Banuaterkini.com, JAKARTA - Menurut Mochammad Afifuddin, seorang tersangka akan tetap dilakntik apabila dia memenangkan kontestasi dalam Pemilihan Kepala Daerah (Pilkada).
“Pada saat pelantikan, yang bersangkutan tetap akan dilantik,” kata Afifuddin, seperti dikutip dari Tempo.co.
Ia menjelaskan bahwa keputusan ini sesuai dengan Pasal 163 Ayat 6, 7, dan 8 Undang-Undang Pilkada yang mengatur pelantikan calon kepala daerah meskipun memiliki status hukum tertentu, termasuk jika sudah menjadi terpidana melalui putusan pengadilan.
“Kami ingin menegaskan, status hukum itu adalah ranah penegak hukum, bukan domain KPU,” tambahnya.
Afifuddin juga menegaskan bahwa KPU tidak akan melakukan penggantian calon kepala daerah yang terkena kasus hukum, termasuk tersangka, jika insiden tersebut terjadi dalam waktu 29 hari menjelang pemungutan suara.
Aturan ini mengacu pada Pasal 16 Ayat 1 dan 2 serta Pasal 36 Ayat 3 Undang-Undang Pilkada.
“Kalau sudah sedekat ini dengan tanggal pemilihan, kami tidak bisa mengganti calon, meskipun yang bersangkutan ditetapkan sebagai tersangka atau bahkan terpidana,” ujarnya.
Sebagai langkah transparansi, KPU akan mengumumkan status hukum calon kepala daerah kepada pemilih di tempat pemungutan suara (TPS) melalui panitia pemungutan suara (PPS).
Pemilih tetap dapat menjatuhkan suara kepada pasangan calon meski salah satu calonnya meninggal dunia atau memiliki status hukum tersangka. “Dalam kasus seperti itu, suara pemilih tetap dianggap sah,” jelas Afifuddin.
Keputusan KPU ini menjadi sorotan tajam setelah Gubernur Bengkulu, Rohidin Mersyah, terjaring operasi tangkap tangan (OTT) oleh Komisi Pemberantasan Korupsi (KPK) pada Sabtu malam, 23 November 2024.
Rohidin diduga memanfaatkan dana Anggaran Pendapatan dan Belanja Daerah (APBD) Provinsi Bengkulu untuk mendanai kampanye pencalonannya kembali di Pilkada 2024.

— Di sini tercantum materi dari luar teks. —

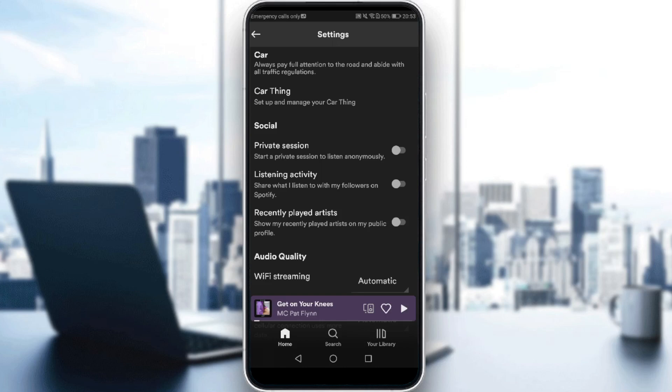If you want to remove or delete your recently played, all you need to do is just make this option on, and your recently played will not be shown on your profile.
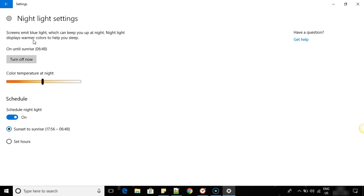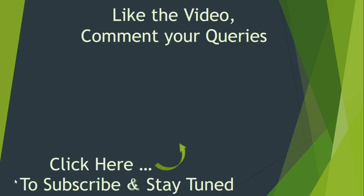If you have any queries regarding night mode on your Windows 10 PC, let me know in the comment section. I will try to help you. Thanks for watching this video, have a nice day, bye. Thank you.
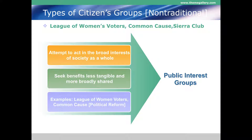These public interest groups seek benefits which are less tangible but broadly shared — clean elections, better political candidates, clean air and water. The League of Women Voters sponsors debates of political candidates. However, you hear less about these traditional groups today because in all three arenas there are new actors on the stage.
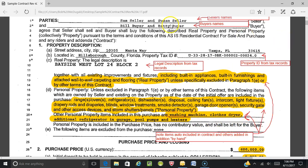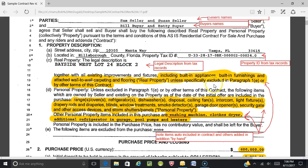So we've covered all of section one: the entities or people selling or buying, the address, property tax ID, the county, the legal description, the real property already included in the contract, the personal property included, a spot to list other items, and a spot to exclude certain items. That's section one of the FAR BAR As-Is contract as revised in April of 2017. Hope all is well — have a great day!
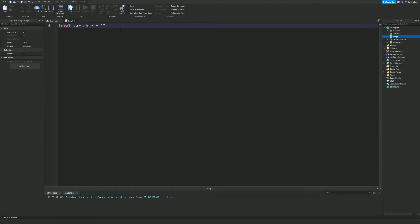You can also add boolean values — for example `true` or `false`. These are useful when you need to check a condition, like whether a player stepped on a pad and has a key in their inventory. If they don't have the key this would be `false`, if they do it would be `true`, and the script would check that value accordingly.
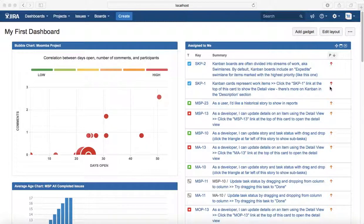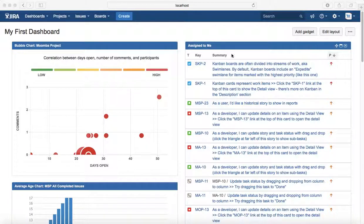The Jira administrator is the only person who can edit or delete a project completely from Jira software.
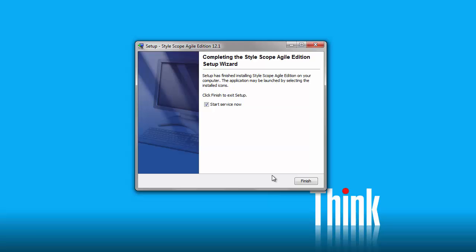StyleScope Agile Edition runs as a service, meaning it runs automatically when you start your computer. When you run the installer, you will be given an option to Start Service Now. If you do decide to start the service at the time of installation, then all you need to do to begin using StyleScope Agile Edition is to open the Start page.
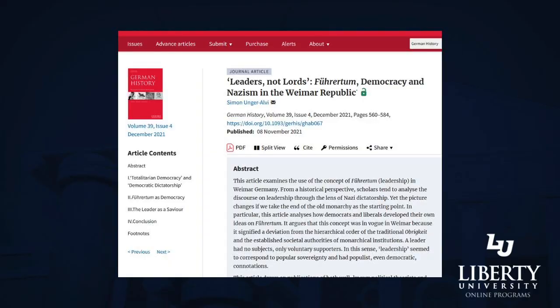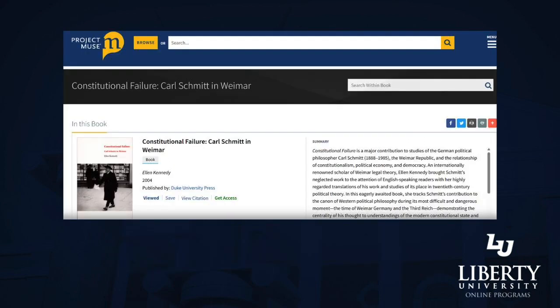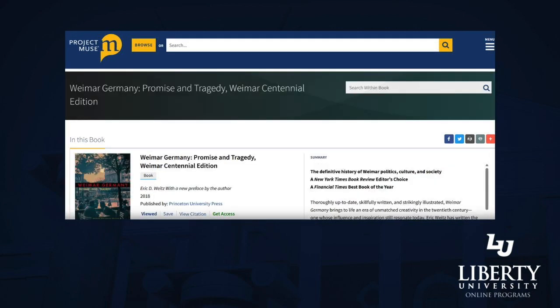Looking at the Weimar administration, the restrictive laws, and the social and political turmoil of that period that led into Hitler's rule, I found several sources that highlight the struggles and governmental failures of that period. These include Simon Unger-Alvey's work, Leaders Not Lords: Freedom, Democracy, and Nazism in the Weimar Republic; Ellen Kennedy's book, Constitutional Failure: Carl Schmitt in Weimar; and Eric White's text, Weimar Germany: Promise and Tragedy.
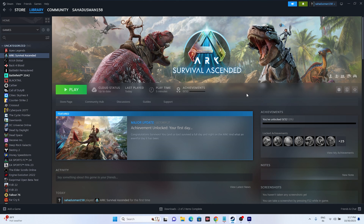Hello everyone, welcome back to GoodTraviTips. In this video we're going to talk about how to fix ARK Survival Ascended having an issue with connection error, can't join server, and connection timed out error, which is happening for many users right now and how we can fix this. So let's dive into the workaround.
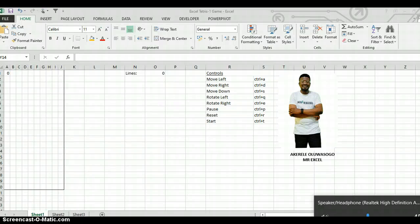Hello everyone, my name is Hakerele Oluwa Shogo, popularly known as Mr. Excel. I'm your Microsoft Excel trainer. So today I'll be teaching you how to play some games in Microsoft Excel. Let's have some fun in Excel.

Dalam operasi tersebut, KPK menyita uang sekitar Rp 7 miliar dalam berbagai mata uang. Wakil Ketua KPK, Alexander Marwata, menyatakan bahwa Rohidin bersama dua pejabat lain, yakni Sekretaris Daerah Provinsi Bengkulu, Isnan Fajri, dan ajudannya, Evriansyah alias Anca, telah ditetapkan sebagai tersangka.
Ketiganya diduga terlibat dalam tindak pidana korupsi yang terjadi pada periode anggaran 2018-2024.
Keputusan KPU ini memunculkan perdebatan di tengah masyarakat. Beberapa pihak mempertanyakan moralitas dan integritas pemilu jika tersangka atau bahkan terpidana tetap dilantik sebagai kepala daerah.
Namun, KPU berdalih bahwa pelaksanaan pemilu harus tunduk pada payung hukum yang berlaku, di mana proses hukum terhadap calon adalah domain aparat penegak hukum.
Kondisi ini menjadi refleksi penting dalam pelaksanaan Pilkada di Indonesia. Bagaimana integritas calon kepala daerah tetap dijaga tanpa mencederai hak politik mereka?
Di sisi lain, publik berharap regulasi yang lebih tegas untuk mencegah penyalahgunaan wewenang oleh calon kepala daerah yang tersandung kasus hukum.
Dengan gelaran Pilkada yang semakin dekat, masyarakat kini dihadapkan pada dilema besar: memilih pemimpin dengan rekam jejak yang bersih atau menerima aturan yang ada meski terasa kontroversial.